The Grammarphobia Blog

Is next Monday tomorrow or a week later?

Q: I hope you can help me settle a dispute with my spouse! If today is Sunday, when is next Monday? Is it tomorrow, or is it Monday of next week? And what about last May? Is it the preceding month or May of the previous year?

A: There’s no good answer here. “Next” and “last” are often ambiguous words. You and your spouse aren’t the only ones at odds over these words. In fact, the two of us have very similar arguments!

For example, Stewart will say, “It happened last May,” even if he means the preceding month. But if Pat is speaking in June, she’ll say, “It happened in May.” To her, “last May” sounds like May of last year.

And Stewart will say “next Monday” when that’s only a day from now.  Pat, on the other hand, will use “next Monday” to mean Monday of the following week, and “this Monday” to mean tomorrow.

Because there’s room for disagreement, it’s better to avoid using “next” and “last” when you’re talking about dates that are not far away.

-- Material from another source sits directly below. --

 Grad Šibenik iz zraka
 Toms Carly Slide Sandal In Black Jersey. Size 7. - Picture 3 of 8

“Last May” or “next Monday” are safe enough when they’re at a distance. But the closer the date, the greater the chance of a misunderstanding.

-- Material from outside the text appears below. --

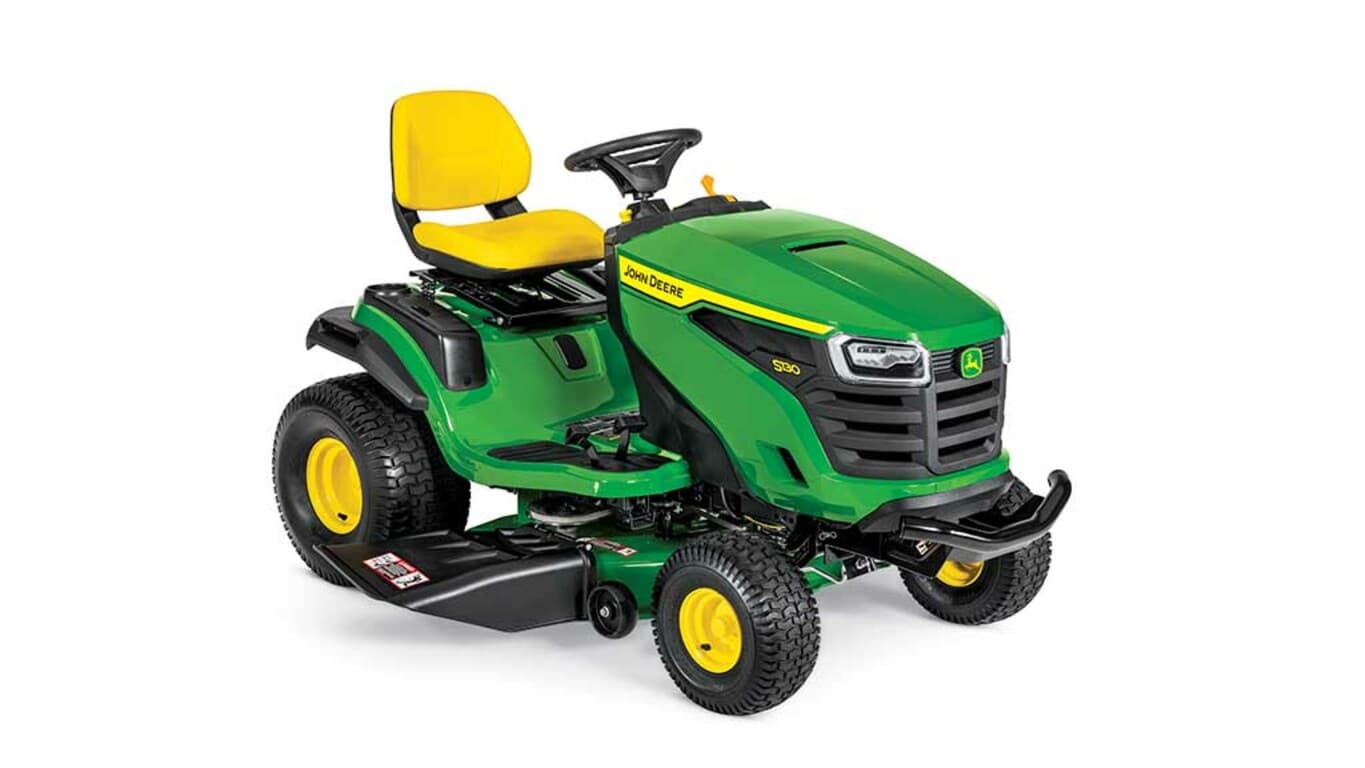 Une tondeuse autoportée verte orientée vers l'avant droit avec un siège jaune et un plateau de coupe vert sur fond blanc.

Just as “next door” is often broadly construed as meaning “nearby,” so “next Thursday,” when there’s a Thursday very close, is sometimes construed as meaning “the Thursday after this one.”

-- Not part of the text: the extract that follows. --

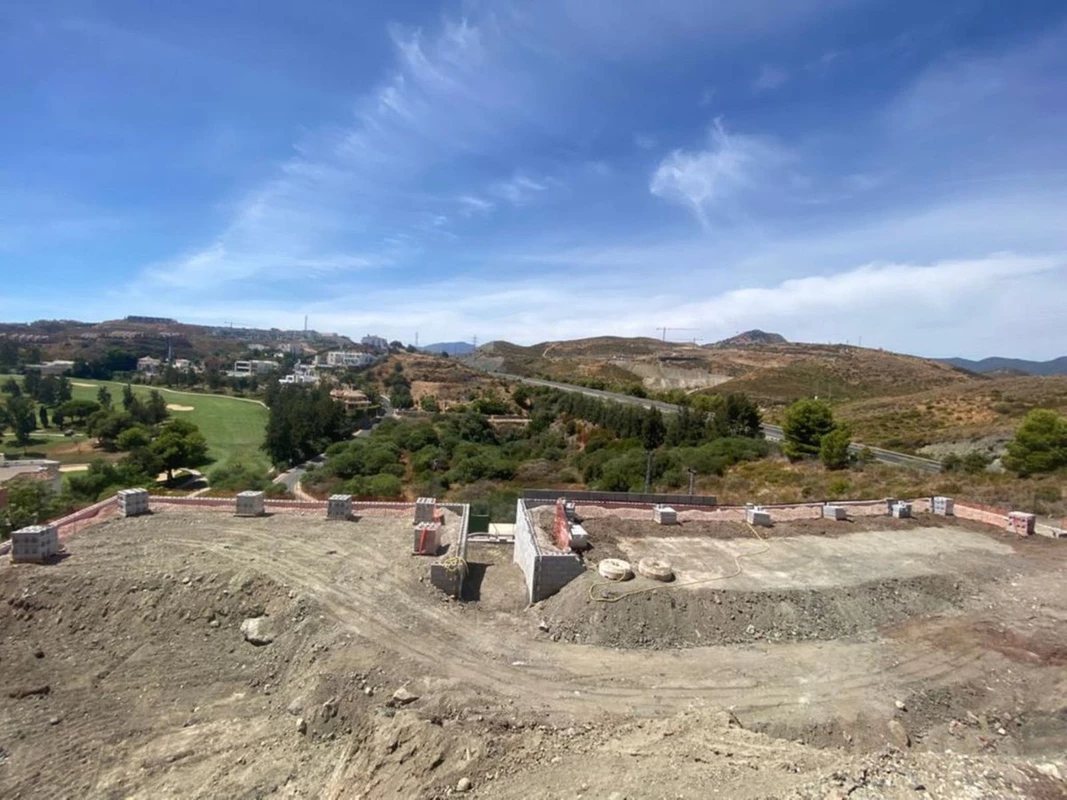 1-7980e48d732b6fc85c14b43b94d2aa54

The word “next” is defined in the Oxford English Dictionary as meaning “designating the time, season, etc., following directly after one described, spoken of, etc.”

But what if there’s been no hint of “one described, spoken of, etc.”? Say, for example, that Stewart says, “Let’s go out for dinner next Monday.” Does he mean tomorrow, or Monday of next week?

After 22 years of marriage, Pat knows that he means “this Monday” (he wouldn’t think about dinner a week ahead).

Your question reminds us of one we answered last year, about whether moving an event “forward” means it will happen earlier or later.